# Goal of the exercise
When copying the data below, keep only the lines from the one with "Athletic Club, Dundee." through the one with "A hotel room", word for word, and skip the pictures.

# Provided data
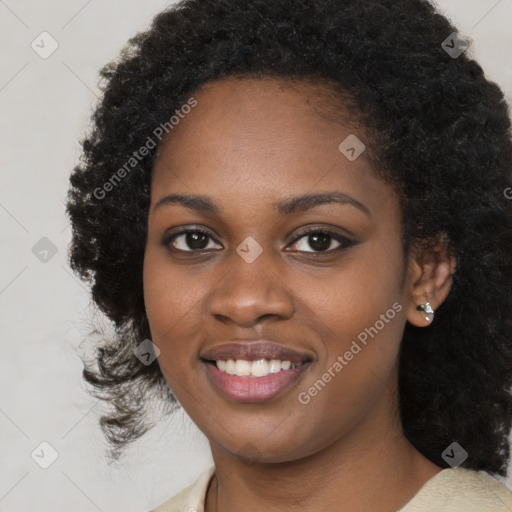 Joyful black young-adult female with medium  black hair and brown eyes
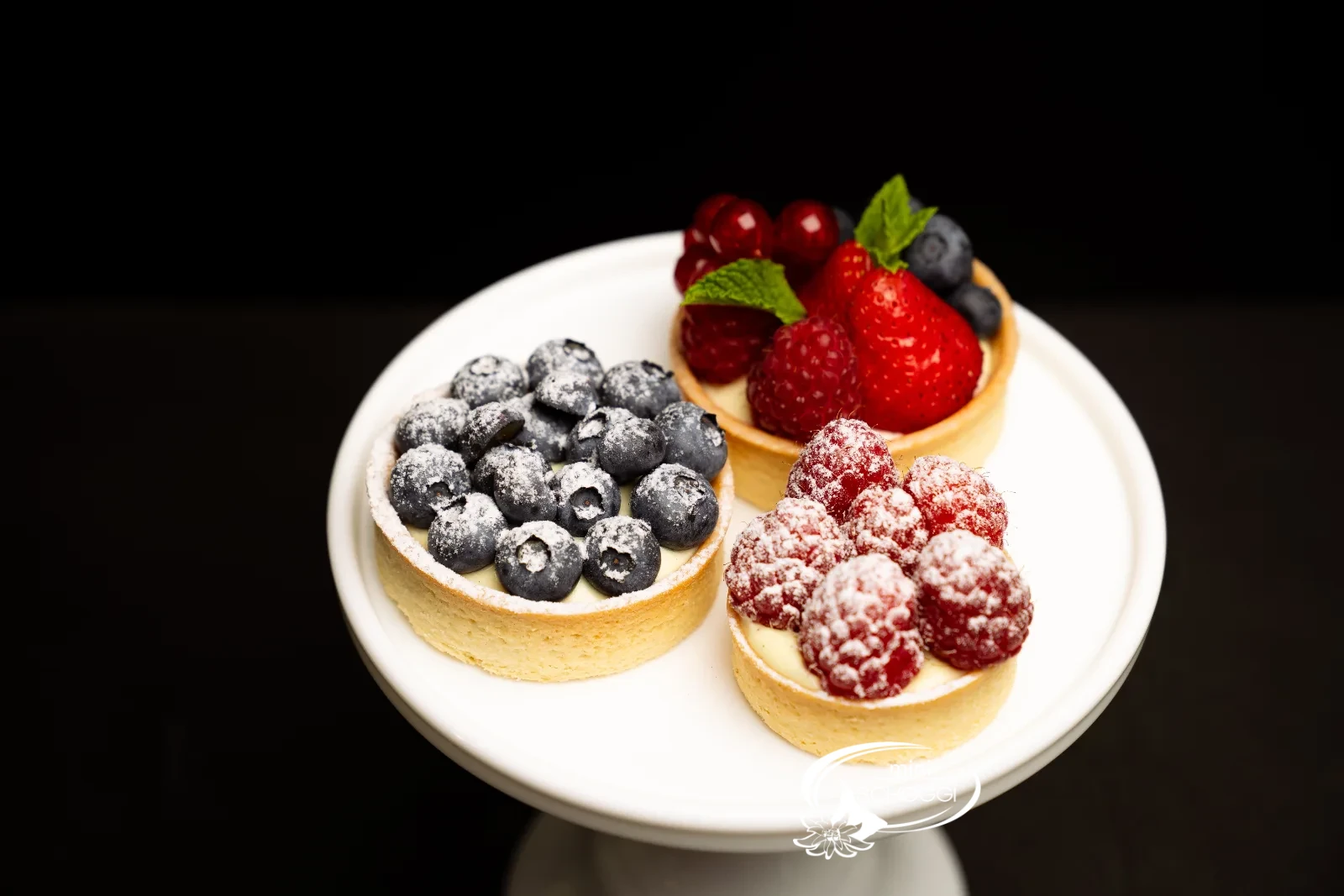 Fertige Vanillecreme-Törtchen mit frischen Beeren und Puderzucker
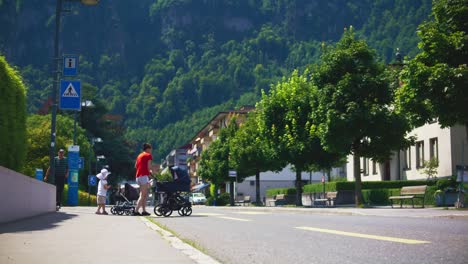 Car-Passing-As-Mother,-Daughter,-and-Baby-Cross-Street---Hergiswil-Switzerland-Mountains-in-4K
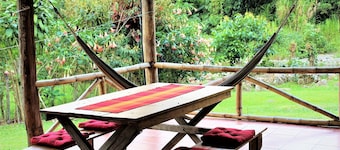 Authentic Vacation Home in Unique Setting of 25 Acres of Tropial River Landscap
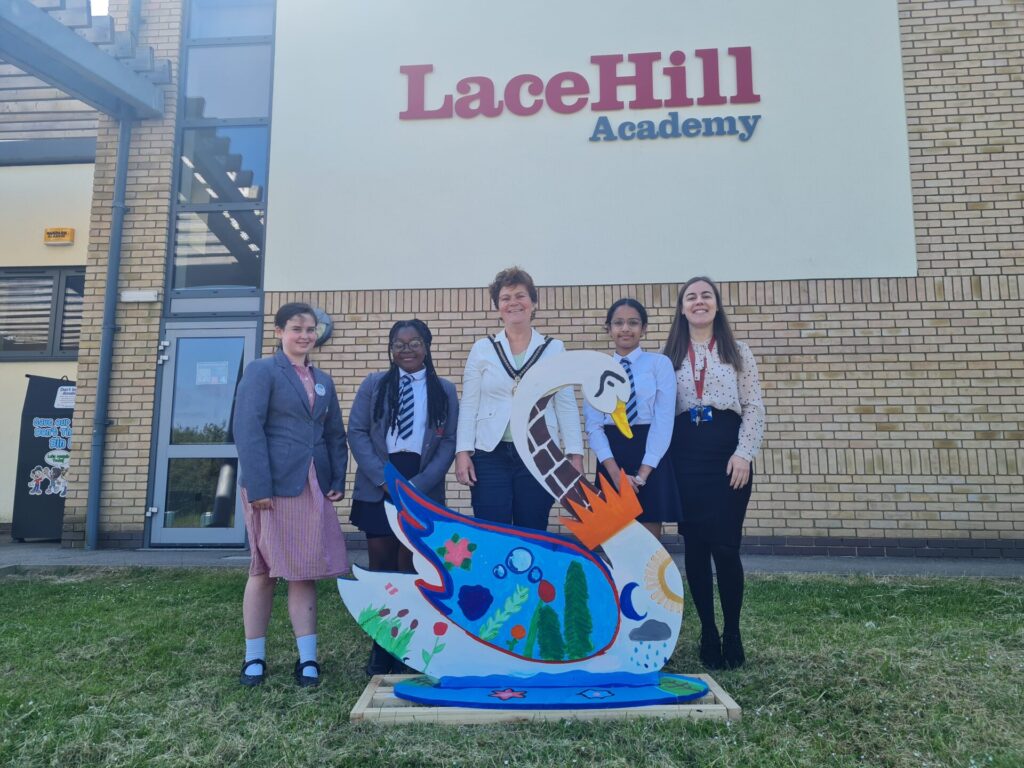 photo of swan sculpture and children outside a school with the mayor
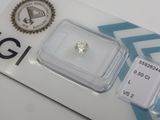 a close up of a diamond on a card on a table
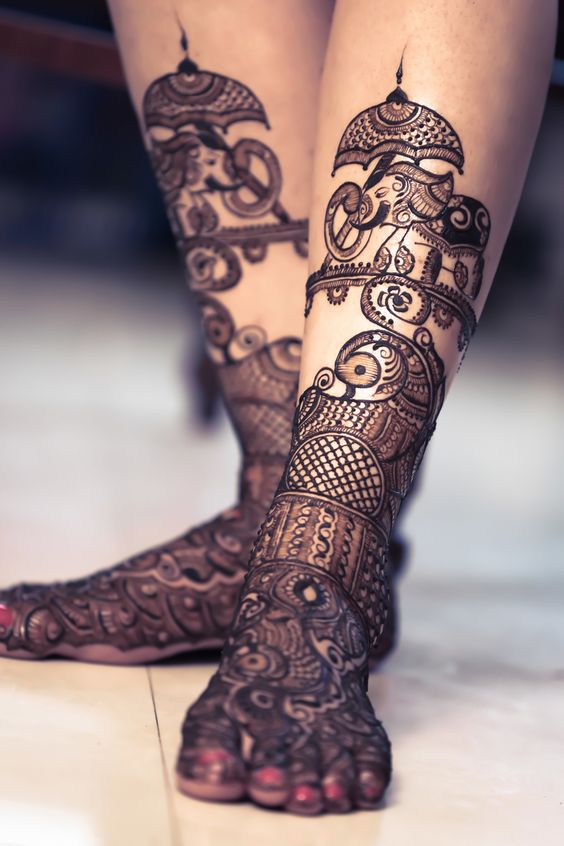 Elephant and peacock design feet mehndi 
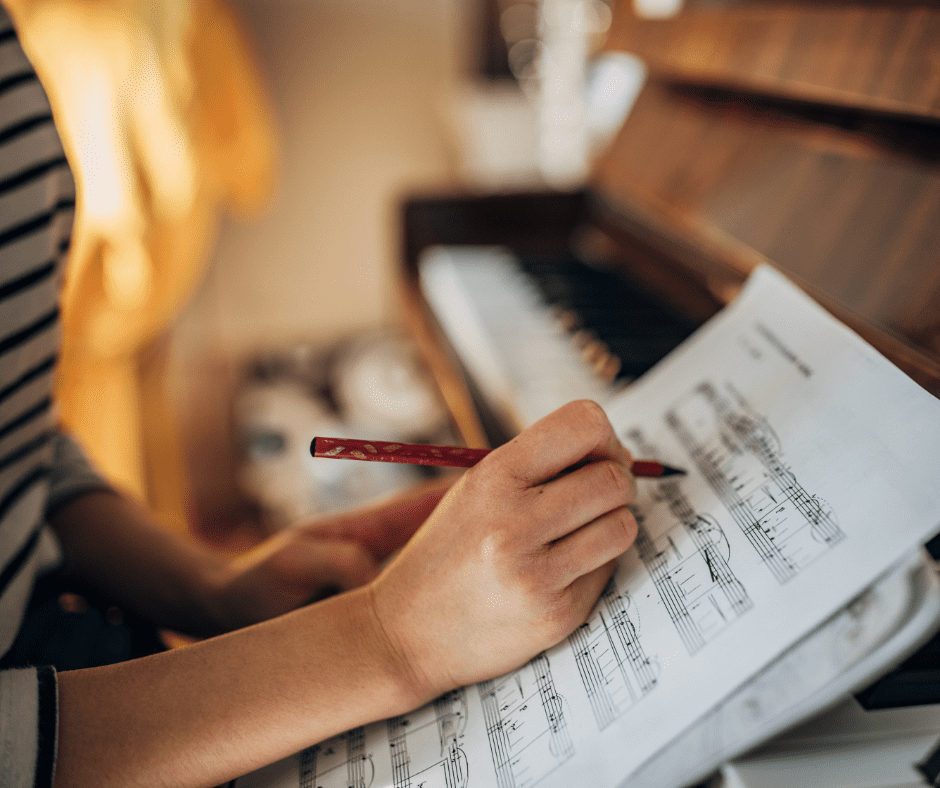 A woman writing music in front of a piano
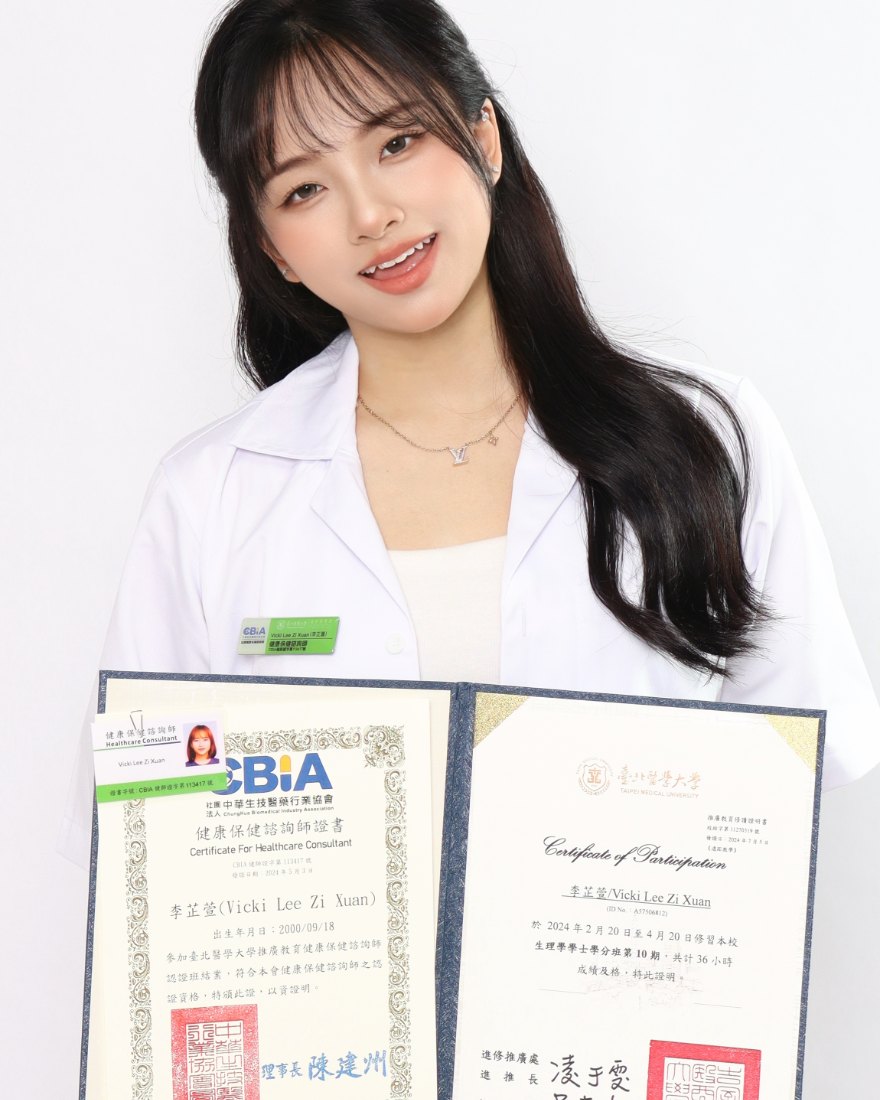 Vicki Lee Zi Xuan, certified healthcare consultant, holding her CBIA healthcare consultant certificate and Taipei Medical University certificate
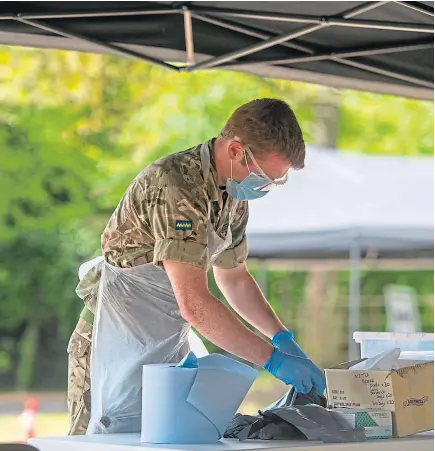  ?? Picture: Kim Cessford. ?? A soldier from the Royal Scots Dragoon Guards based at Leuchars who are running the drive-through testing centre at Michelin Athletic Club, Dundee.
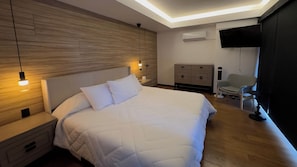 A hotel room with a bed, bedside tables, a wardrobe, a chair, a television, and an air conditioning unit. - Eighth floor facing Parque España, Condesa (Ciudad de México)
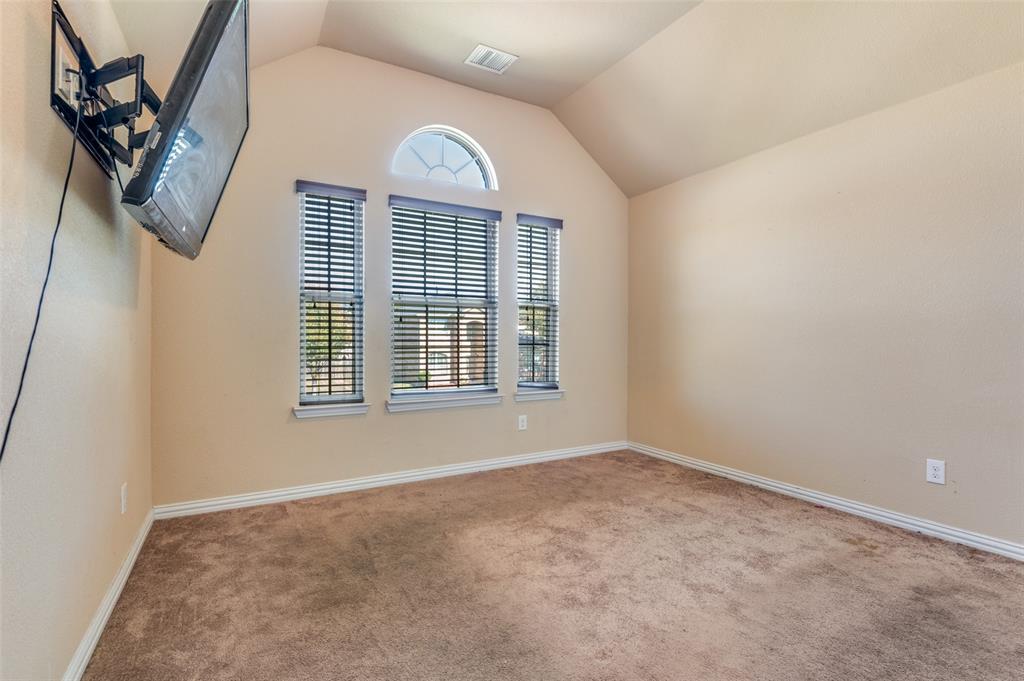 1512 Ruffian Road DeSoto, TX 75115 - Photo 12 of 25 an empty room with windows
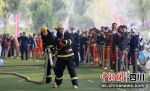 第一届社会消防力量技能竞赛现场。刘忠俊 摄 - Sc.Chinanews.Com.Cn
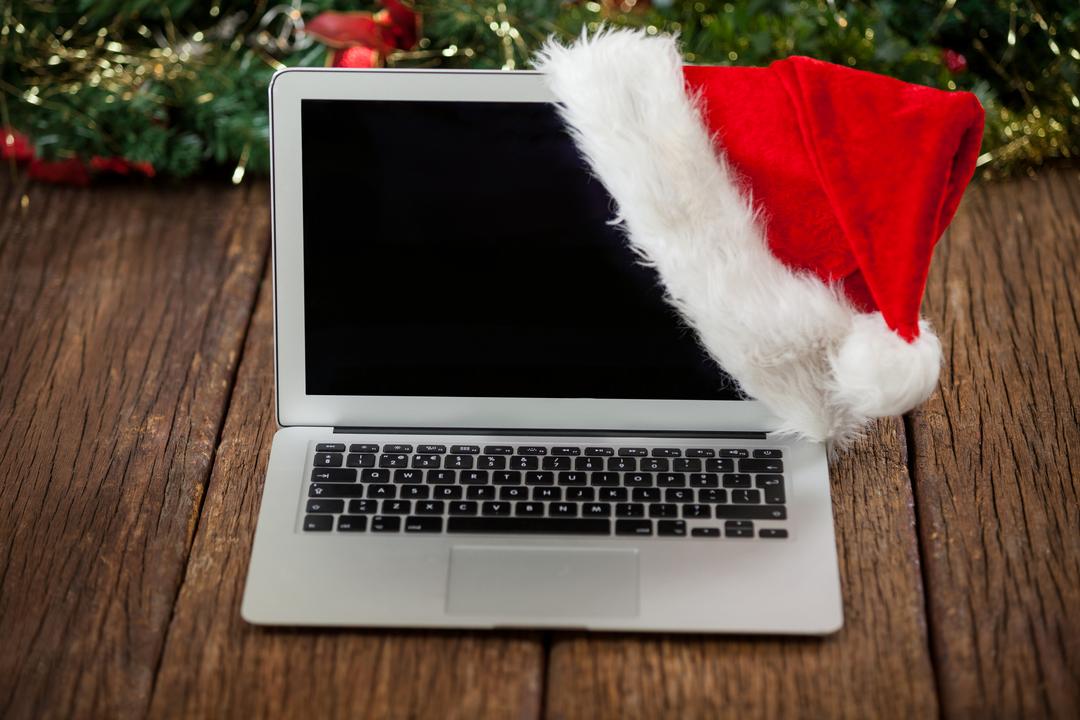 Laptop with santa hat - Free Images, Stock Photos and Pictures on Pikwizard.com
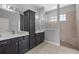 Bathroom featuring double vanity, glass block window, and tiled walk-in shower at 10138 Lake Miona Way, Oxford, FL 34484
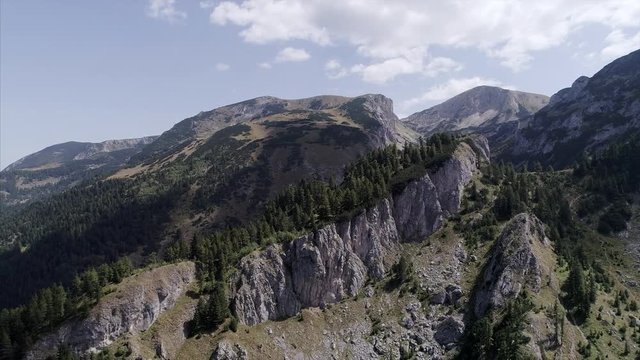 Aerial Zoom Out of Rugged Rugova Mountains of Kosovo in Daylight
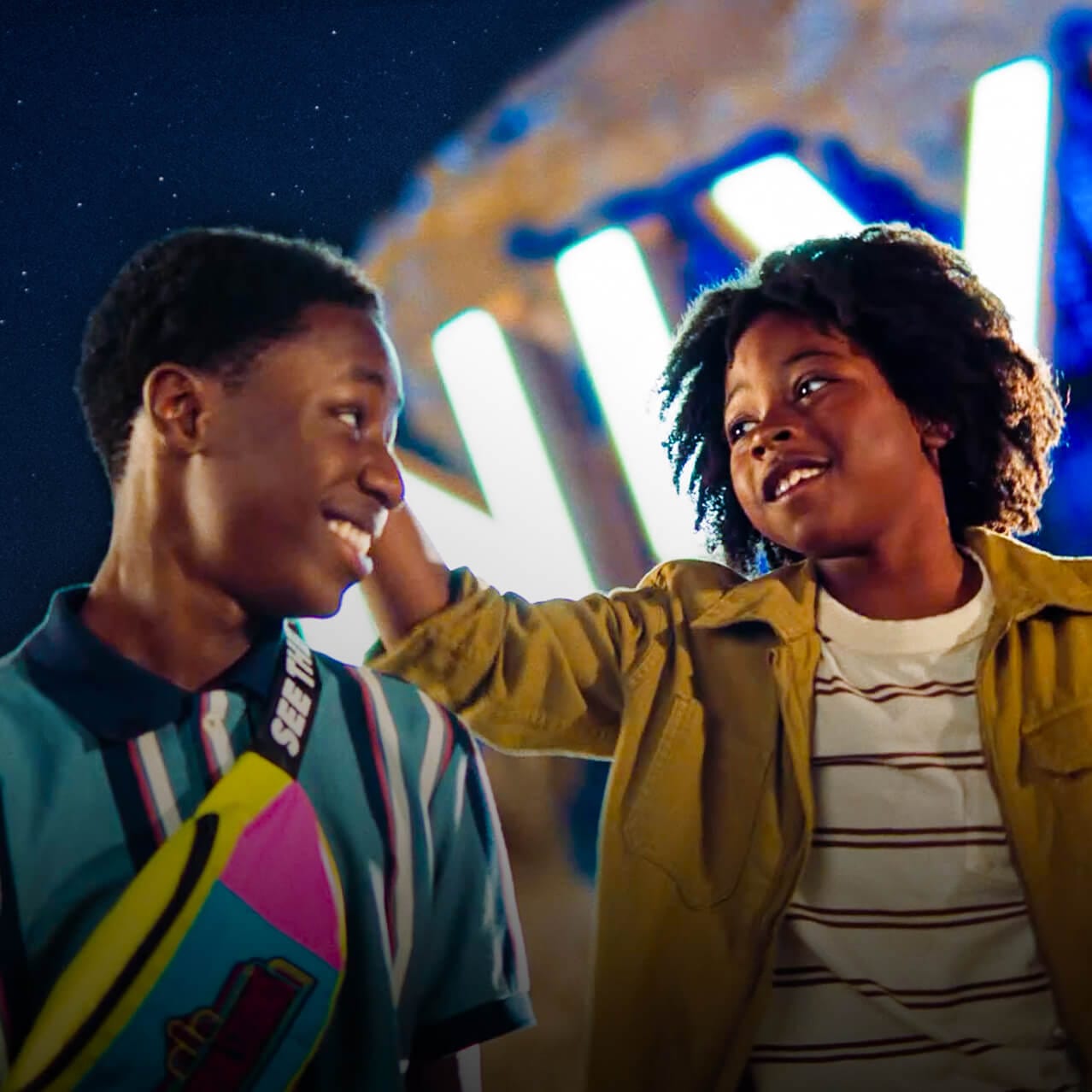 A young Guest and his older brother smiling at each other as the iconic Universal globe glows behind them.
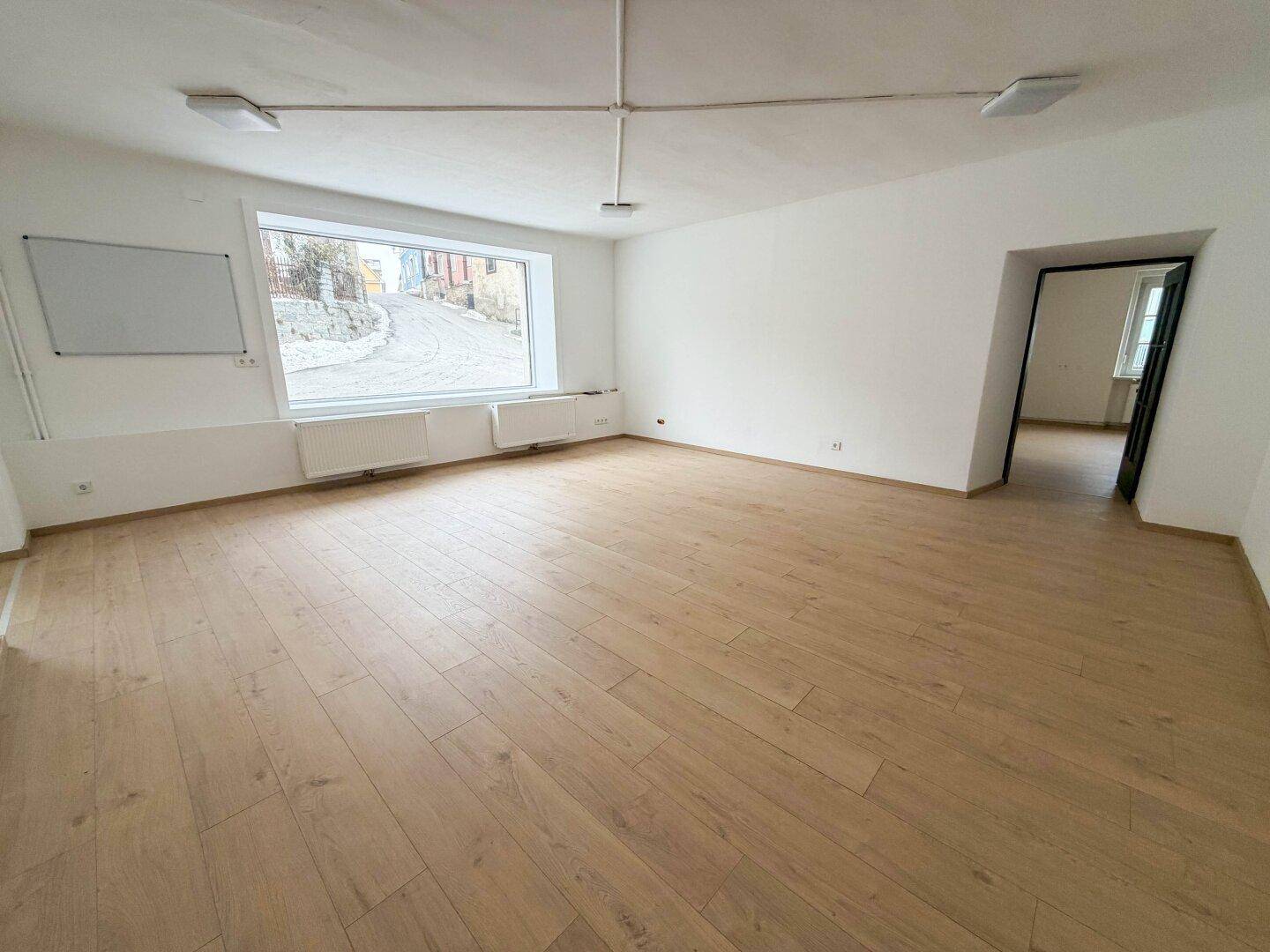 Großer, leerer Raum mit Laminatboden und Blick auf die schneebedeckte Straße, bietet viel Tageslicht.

# Response to the task
  ?? Picture: Kim Cessford. ?? A soldier from the Royal Scots Dragoon Guards based at Leuchars who are running the drive-through testing centre at Michelin Athletic Club, Dundee.
 A hotel room with a bed, bedside tables, a wardrobe, a chair, a television, and an air conditioning unit. - Eighth floor facing Parque España, Condesa (Ciudad de México)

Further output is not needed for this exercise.